THE SLOVAK National Party obviously has a low opinion of the intellect of its own voters. The shameless billboard campaign that Ján Slota’s party chose was designed to appeal to the basest human instincts: hate, exclusion and aggression towards others. But one has to admit that anything other than images and slogans with an undertone – or, as in this case, a central theme – of fabricated patriotism, xenophobia and even racism would be somehow inconsistent with the SNS message.
If Prime Minister Robert Fico had not known or if he mistakenly thought that Slota could have metamorphosed into something more acceptable to those who are guided by modern democratic principles, he was wrong.
Someone with such bad political instincts should not be leading a country. However, if he knew all along what he was doing and was willing to take Slota on board with all his baggage, then in doing so he legitimised everything that Slota stands for.
Politicians like Slota and his deputy Anna Belousovová are capable of temporarily adopting more civilised manners, reminiscent of those required in developed democracies. But they cannot maintain the pretence, because if they do so they risk digging their own political graves.
The reason? They have nothing else to offer beyond divisiveness.
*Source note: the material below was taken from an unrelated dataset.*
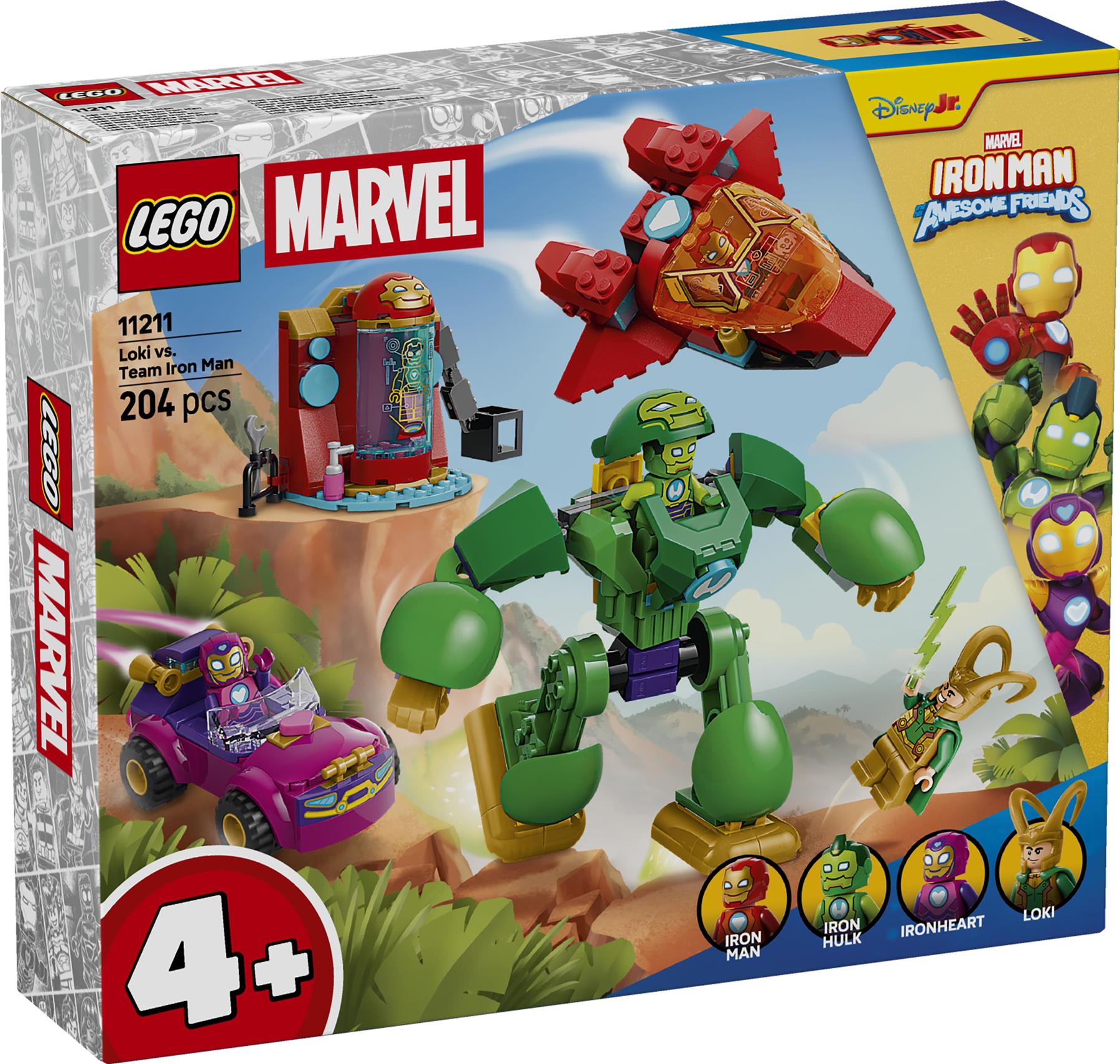 LEGO Marvel Loki vs. Team Iron Man 11211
That message was epitomised by last week’s billboard, featuring a large, bare-chested Roma man whose image had been digitally altered to better fit the SNS vision of this particular minority – i.e. covered in tattoos and wearing a thick gold chain around his neck – and crowned with the slogan: “so that we do not feed those who do not want to work.”
As usually happens with politicians of the calibre of Slota and Belousovová, any attempted explanation or justification of the original slur only makes the situation worse. After local human rights and Roma rights organisations complained, suggesting they would sue the party on suspicion of inciting racial hate, Belousovová said that the billboard was not racist at all. That did not stop her from adding that it was all about statistics and that the “highest percentage of those who do not want to work and [who] siphon the most off the social system are the Gypsies”. Then the next day, as though she had forgotten what she said less than 24 hours earlier, she claimed that everyone who claimed that the person on the SNS billboard was a “Gypsy” is a racist.
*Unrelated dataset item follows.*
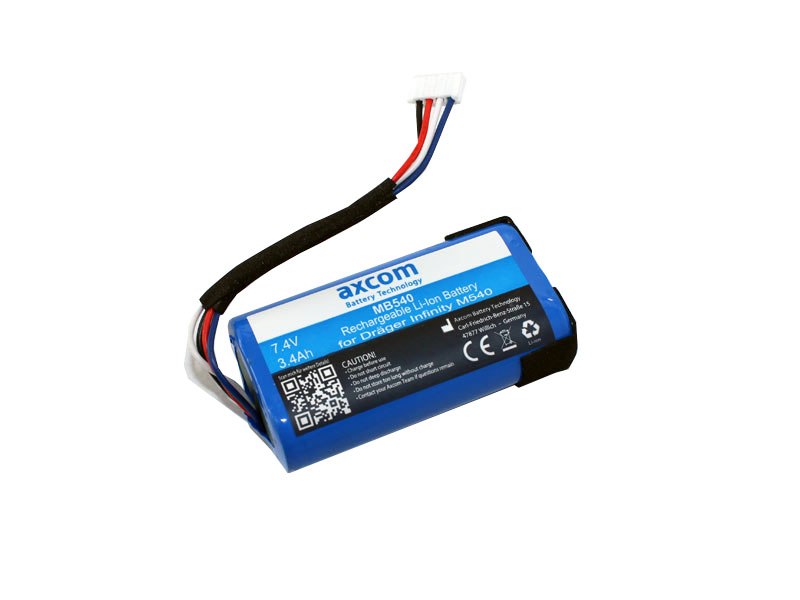 Battery for the Dräger Infinity M540 and M450 patient monitors Battery for the Dräger Infinity M540 and M450 patient monitors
“We are only naming the problem,” Belousovová said, as quoted by Sme daily. “The racists are the people who started writing that the SNS campaign is against the Gypsies.”
Belousovová also added that the man on the billboard is Slovak, that he has Slovak nationality and that Slovak society is hypocritical – and all her party had done was to draw aside the veil of hypocrisy. Belousovová also announced that from now on SNS billboards will feature a huge red stripe with the word “censored” on it.
Of course, here again the SNS is abusing the idea of free speech, something which hardcore Slota fans will no doubt relish, as their blood boils on their way to the polling station on June 12 to cast their vote for the party which dares to say openly that the Gypsies make up the highest percentage of those who do not want to work. It’s all about statistics – as Belousovová would say.
However, numbers can be a very unpredictable beast when used in a political fight. What if all the damage to the state that all those hard-working nominees of the SNS have caused while occupying senior public positions could be calculated and set against the “damage” to the state budget caused by people whom the SNS make the targets of their campaigns?
What an interesting statistic it would be. Some of those SNS nominees would in fact fit much better on the party’s own billboards.
There is no way Fico can distance himself from the SNS. He brought Slota's buddies into the government just as he did with Vladimír Mečiar and his Movement for a Democratic Slovakia (HZDS).
He is responsible for the radicalisation of the political scene and the perversion of political discourse.
The SNS might just fail to win any seats in the next Slovak parliament, but Fico and his Smer will certainly make it in – and Fico still has a considerable chance of winning the next election.
He consistently tops the opinion polls, which is disturbing because it means that many people in Slovakia still do not judge politicians based on the kind of partners they choose to rule with.